# Best show collar



## Iris (Feb 16, 2021)

I'm showing a dairy goat this year. What is the best show collars. 

Sent from my SM-A125U using Goat Forum mobile app


----------



## brigieboo (Apr 8, 2021)

i just got a chain collar from Farm n Fleet. It has a clear plastic tube on it for holding on to. 









this is what i have ^


----------



## Iris (Feb 16, 2021)

I have something similar but It doesn't seem to be quite working on my doe 

Sent from my SM-A125U using Goat Forum mobile app


----------



## Iris (Feb 16, 2021)

Does anyone know if you can use the ones with the prongs?









Sent from my SM-A125U using Goat Forum mobile app


----------



## brigieboo (Apr 8, 2021)

Iris said:


> I have something similar but It doesn't seem to be quite working on my doe
> 
> Sent from my SM-A125U using Goat Forum mobile app


What part of it didn't work with her?


----------



## brigieboo (Apr 8, 2021)

I do


Iris said:


> Does anyone know if you can use the ones with the prongs?
> View attachment 230903
> 
> 
> Sent from my SM-A125U using Goat Forum mobile app


I don't know for sure but idk why you wouldn't be able to.. 
Are you showing with 4H/FFA? Can u get in touch with a fair goat superintendent?


----------



## Iris (Feb 16, 2021)

brigieboo said:


> What part of it didn't work with her?


She wasn't listening and wouldn't walk with it on, throwing herself down on the ground refusing to get up. 
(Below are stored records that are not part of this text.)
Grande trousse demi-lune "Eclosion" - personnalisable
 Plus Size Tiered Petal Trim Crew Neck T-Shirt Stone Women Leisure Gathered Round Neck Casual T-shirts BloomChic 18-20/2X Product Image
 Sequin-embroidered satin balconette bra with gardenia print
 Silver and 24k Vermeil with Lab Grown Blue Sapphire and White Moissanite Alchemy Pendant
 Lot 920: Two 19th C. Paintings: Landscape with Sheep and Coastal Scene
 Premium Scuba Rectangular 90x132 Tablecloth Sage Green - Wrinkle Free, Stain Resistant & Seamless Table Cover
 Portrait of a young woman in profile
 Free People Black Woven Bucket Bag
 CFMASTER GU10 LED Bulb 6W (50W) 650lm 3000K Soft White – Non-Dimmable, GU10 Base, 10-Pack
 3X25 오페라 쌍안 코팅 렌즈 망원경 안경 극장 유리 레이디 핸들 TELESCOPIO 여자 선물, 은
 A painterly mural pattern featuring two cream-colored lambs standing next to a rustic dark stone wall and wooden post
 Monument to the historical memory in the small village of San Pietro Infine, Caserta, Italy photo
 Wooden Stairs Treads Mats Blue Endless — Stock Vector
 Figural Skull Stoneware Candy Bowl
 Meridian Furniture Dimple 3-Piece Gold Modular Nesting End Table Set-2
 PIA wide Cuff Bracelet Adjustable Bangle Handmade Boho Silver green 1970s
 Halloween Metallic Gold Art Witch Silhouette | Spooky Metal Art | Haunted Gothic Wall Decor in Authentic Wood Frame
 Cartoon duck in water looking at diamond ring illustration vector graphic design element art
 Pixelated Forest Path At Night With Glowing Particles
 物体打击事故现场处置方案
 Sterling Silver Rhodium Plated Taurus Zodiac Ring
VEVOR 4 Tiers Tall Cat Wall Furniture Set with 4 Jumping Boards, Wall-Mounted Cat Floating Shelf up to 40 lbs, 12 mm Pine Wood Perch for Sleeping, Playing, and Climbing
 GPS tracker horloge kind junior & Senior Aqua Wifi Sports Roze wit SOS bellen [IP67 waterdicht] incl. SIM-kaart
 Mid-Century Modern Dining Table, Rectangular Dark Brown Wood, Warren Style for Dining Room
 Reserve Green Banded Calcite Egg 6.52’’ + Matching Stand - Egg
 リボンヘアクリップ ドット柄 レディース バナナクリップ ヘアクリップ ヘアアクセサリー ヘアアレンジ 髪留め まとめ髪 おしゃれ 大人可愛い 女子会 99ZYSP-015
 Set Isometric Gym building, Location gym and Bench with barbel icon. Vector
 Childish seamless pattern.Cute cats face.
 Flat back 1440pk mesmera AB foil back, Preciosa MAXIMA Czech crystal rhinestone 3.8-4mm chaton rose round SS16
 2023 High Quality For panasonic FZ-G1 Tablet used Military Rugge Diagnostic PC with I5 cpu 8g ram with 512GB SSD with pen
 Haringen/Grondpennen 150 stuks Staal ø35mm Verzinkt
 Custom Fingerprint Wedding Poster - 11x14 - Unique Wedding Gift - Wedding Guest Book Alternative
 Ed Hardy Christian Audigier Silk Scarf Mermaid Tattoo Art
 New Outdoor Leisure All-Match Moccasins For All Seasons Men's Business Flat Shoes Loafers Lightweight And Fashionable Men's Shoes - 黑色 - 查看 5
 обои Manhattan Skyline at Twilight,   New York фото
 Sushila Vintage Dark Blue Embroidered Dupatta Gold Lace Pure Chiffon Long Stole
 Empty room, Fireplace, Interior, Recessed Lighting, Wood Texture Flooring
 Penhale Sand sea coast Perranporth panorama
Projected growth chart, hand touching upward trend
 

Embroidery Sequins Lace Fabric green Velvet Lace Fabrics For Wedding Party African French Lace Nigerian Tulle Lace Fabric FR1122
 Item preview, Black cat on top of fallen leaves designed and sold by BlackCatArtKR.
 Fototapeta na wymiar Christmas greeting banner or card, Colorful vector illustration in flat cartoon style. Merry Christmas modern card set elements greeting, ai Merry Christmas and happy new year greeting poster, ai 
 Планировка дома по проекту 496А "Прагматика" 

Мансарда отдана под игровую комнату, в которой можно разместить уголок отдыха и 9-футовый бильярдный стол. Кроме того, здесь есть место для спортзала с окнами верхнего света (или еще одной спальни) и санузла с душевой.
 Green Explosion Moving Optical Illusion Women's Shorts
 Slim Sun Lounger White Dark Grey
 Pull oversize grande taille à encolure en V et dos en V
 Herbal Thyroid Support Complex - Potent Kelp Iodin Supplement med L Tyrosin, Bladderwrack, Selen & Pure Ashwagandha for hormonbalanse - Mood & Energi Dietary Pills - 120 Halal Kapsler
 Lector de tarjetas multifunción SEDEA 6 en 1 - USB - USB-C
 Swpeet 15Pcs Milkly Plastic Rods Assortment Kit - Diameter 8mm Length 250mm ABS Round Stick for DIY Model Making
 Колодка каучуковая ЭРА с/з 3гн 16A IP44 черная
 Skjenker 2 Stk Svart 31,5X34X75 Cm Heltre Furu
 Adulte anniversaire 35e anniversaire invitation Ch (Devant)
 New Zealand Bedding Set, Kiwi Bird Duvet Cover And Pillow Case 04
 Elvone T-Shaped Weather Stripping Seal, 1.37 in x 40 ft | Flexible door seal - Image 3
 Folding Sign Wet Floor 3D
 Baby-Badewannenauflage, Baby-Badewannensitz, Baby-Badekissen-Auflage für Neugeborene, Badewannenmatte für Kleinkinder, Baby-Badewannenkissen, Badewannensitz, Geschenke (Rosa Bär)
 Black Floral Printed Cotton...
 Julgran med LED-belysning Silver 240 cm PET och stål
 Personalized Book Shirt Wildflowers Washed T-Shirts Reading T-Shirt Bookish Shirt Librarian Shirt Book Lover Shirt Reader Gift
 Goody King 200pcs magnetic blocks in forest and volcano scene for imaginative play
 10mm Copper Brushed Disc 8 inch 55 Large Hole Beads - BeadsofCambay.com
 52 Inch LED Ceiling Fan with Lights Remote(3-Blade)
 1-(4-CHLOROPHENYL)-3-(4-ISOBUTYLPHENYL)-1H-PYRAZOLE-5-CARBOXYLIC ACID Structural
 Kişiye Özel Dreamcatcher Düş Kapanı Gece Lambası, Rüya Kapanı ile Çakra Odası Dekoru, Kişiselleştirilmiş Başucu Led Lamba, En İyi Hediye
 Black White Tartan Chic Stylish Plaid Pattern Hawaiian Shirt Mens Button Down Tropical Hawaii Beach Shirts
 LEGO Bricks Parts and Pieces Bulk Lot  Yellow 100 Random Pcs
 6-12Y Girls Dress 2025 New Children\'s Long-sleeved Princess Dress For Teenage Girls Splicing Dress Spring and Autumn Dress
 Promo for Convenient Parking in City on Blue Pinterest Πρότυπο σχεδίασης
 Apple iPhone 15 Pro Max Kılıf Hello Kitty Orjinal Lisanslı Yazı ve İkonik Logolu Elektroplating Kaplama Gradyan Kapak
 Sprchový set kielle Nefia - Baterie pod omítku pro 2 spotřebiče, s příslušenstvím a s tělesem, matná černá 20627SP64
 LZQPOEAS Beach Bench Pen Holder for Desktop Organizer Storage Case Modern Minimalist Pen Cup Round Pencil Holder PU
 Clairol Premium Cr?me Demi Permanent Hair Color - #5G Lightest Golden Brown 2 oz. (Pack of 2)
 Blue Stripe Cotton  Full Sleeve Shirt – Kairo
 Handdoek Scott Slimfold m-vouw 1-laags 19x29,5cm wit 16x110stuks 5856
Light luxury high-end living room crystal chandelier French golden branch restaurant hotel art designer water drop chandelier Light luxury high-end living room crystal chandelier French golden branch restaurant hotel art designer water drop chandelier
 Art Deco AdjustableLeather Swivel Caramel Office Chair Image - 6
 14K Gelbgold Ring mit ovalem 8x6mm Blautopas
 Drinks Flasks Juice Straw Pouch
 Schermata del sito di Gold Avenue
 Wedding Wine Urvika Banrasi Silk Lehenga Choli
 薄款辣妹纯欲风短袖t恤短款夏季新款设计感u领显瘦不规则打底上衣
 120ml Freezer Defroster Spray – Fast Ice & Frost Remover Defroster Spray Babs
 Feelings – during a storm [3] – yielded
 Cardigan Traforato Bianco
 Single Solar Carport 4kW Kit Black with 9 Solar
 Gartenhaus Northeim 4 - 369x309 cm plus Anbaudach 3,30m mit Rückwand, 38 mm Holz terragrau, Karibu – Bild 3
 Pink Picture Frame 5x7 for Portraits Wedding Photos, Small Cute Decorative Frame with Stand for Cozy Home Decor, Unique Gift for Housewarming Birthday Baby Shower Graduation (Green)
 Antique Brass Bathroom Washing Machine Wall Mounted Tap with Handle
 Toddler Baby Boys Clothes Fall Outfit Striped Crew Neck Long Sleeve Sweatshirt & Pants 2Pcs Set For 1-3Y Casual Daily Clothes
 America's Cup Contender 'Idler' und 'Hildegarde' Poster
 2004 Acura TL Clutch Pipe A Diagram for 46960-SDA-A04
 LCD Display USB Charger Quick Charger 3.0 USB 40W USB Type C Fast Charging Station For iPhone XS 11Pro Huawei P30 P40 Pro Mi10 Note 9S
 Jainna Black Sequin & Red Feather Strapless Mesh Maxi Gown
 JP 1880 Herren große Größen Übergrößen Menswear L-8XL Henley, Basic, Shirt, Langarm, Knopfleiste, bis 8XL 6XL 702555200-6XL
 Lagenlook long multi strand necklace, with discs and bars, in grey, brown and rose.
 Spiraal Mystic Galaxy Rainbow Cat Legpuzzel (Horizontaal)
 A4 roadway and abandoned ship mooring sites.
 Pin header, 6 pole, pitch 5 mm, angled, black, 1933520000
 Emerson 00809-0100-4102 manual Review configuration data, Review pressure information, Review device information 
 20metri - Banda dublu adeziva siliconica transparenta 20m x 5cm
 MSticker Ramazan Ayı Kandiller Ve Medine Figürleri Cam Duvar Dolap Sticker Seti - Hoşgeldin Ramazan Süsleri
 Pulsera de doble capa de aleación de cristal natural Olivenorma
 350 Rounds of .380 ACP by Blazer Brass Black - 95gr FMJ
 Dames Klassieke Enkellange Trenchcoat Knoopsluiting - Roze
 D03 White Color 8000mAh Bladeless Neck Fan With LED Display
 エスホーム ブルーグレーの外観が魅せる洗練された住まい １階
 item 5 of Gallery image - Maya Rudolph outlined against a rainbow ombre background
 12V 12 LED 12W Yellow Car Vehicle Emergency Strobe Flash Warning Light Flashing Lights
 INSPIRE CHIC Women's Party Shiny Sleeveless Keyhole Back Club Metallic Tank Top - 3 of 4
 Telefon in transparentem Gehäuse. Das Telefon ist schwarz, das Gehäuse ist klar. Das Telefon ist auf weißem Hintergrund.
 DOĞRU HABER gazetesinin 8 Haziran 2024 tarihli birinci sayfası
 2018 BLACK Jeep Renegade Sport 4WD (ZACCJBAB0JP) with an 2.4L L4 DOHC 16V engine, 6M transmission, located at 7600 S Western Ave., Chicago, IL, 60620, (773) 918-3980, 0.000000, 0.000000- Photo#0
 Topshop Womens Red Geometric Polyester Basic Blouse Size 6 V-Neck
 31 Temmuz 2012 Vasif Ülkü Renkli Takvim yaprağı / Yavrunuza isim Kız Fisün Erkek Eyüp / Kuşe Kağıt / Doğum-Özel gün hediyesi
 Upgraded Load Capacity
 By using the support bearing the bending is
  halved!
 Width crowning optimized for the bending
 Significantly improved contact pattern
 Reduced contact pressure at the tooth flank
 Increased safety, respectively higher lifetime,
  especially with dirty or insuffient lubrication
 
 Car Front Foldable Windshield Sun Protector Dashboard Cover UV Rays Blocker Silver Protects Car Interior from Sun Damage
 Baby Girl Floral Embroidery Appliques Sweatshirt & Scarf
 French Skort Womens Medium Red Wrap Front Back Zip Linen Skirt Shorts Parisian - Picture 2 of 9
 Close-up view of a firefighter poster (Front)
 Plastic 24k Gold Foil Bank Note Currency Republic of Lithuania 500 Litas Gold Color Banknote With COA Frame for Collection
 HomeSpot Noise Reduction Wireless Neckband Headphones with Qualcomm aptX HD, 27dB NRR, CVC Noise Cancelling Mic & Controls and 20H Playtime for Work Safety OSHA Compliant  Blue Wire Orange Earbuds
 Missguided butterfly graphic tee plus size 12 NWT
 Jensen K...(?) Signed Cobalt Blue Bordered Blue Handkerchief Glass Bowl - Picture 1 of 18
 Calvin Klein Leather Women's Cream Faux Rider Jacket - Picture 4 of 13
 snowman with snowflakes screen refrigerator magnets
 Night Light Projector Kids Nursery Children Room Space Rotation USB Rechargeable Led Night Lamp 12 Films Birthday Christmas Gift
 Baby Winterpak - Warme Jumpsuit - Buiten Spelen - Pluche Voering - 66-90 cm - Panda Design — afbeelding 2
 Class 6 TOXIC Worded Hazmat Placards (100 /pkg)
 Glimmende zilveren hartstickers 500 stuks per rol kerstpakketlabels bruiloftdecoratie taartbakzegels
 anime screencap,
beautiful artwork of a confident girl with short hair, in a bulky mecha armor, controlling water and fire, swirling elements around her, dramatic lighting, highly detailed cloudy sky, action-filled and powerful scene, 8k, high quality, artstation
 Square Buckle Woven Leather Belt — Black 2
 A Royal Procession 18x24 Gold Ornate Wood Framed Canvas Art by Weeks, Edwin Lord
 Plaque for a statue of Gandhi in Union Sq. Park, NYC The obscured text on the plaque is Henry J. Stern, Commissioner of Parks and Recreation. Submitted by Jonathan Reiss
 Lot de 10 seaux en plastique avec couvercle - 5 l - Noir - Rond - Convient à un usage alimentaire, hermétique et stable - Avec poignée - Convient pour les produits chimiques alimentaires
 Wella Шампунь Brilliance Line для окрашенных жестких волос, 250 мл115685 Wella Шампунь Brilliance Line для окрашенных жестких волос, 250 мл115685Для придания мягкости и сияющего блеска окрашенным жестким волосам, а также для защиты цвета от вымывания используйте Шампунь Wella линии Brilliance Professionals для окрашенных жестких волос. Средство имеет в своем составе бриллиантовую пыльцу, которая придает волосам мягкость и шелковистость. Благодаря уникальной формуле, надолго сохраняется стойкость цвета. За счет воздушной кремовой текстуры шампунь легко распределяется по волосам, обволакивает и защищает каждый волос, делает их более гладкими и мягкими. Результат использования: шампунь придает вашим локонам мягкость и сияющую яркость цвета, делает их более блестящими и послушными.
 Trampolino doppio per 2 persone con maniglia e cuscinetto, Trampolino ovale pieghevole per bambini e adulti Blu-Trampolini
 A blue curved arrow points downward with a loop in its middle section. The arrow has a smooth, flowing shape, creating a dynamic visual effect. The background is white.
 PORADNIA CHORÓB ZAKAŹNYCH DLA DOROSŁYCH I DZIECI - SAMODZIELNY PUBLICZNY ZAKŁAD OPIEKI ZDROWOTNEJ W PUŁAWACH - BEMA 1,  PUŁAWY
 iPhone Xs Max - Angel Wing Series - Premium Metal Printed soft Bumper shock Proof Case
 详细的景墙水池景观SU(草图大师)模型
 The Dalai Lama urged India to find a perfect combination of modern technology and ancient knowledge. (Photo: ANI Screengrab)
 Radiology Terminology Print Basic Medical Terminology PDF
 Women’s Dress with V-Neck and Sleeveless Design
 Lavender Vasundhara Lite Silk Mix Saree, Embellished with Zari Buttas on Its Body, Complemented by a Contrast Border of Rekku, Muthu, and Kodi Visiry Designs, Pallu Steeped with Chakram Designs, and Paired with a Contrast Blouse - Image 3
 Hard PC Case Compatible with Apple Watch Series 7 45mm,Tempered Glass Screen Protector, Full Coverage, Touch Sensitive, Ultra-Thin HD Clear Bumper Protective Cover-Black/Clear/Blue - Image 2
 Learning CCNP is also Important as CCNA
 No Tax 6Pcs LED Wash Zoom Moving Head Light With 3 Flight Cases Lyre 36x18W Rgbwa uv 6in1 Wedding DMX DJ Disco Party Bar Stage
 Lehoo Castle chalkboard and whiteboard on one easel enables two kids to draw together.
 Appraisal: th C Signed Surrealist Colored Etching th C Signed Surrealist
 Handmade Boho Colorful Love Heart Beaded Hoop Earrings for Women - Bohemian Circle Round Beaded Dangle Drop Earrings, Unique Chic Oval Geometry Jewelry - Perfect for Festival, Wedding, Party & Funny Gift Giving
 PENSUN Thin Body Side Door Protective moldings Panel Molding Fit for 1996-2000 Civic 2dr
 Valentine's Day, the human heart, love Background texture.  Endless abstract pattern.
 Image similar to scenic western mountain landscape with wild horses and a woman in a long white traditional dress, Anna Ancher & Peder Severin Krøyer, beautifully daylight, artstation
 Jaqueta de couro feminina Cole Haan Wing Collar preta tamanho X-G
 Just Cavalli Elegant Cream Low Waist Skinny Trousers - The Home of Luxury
I was also having an issue with it cause when ever I put it on and started to walk her on it she would cough.


----------



## alwaystj9 (Apr 10, 2019)

They can be very dramatic.
Try a goat halter and work with her in it a while. Teach her basic leadline skills with the halter, then swap to a collar.
Some of mine learn easy & quick...I do have a family that flop on their sides and bellow like dying cows the first 30-40 times I lead them.
I always hope no one sees or hears because it is a terrible sight/sound.
If they pause, they are setting up to rear or bolt or flop. The prong collar is to slow one down that is pulling ahead, not to drag one along.
She needs to be coaxed to come up beside you. A butt-rope can help with this or a gentle tap with a long, light switch.
Pulling a flopper along behind you on a collar leads to unconsciousness - either hers or yours. It can also cause neck problems.
Loosen the leadline and poke her with the long, light switch. When she gets up, start walking again.
Practise every day, make it part of her routine. Catch her and lead her to her dinner, tie her while she eats. (don't tie her amongst loose goats.)
Feed her, led to and tied, in different places. She'll learn to associate leading with getting fed.
Good luck, I train all mine to lead and tie, even sale weanlings. They really do crazy things the first few times.


----------



## Iris (Feb 16, 2021)

alwaystj9 said:


> They can be very dramatic.
> Try a goat halter and work with her in it a while. Teach her basic leadline skills with the halter, then swap to a collar.
> Some of mine learn easy & quick...I do have a family that flop on their sides and bellow like dying cows the first 30-40 times I lead them.
> I always hope no one sees or hears because it is a terrible sight/sound.
> ...


Thank you for the advice. This doe is almost 2 and I've been working with her since she was about 4-5 months old, I started with the halter and switched to the collar last spring. She does really good with halter and always has, but as soon as I put the collar on she starts flipping out. Sometimes she flops on the ground and other times she pulls me, which is also no fun since she's half my height and more then half my weight. I've tried all kinds of ways to bribe her grain, treats, ect... I'm a bit desperate now so I'll try the long, light switch. 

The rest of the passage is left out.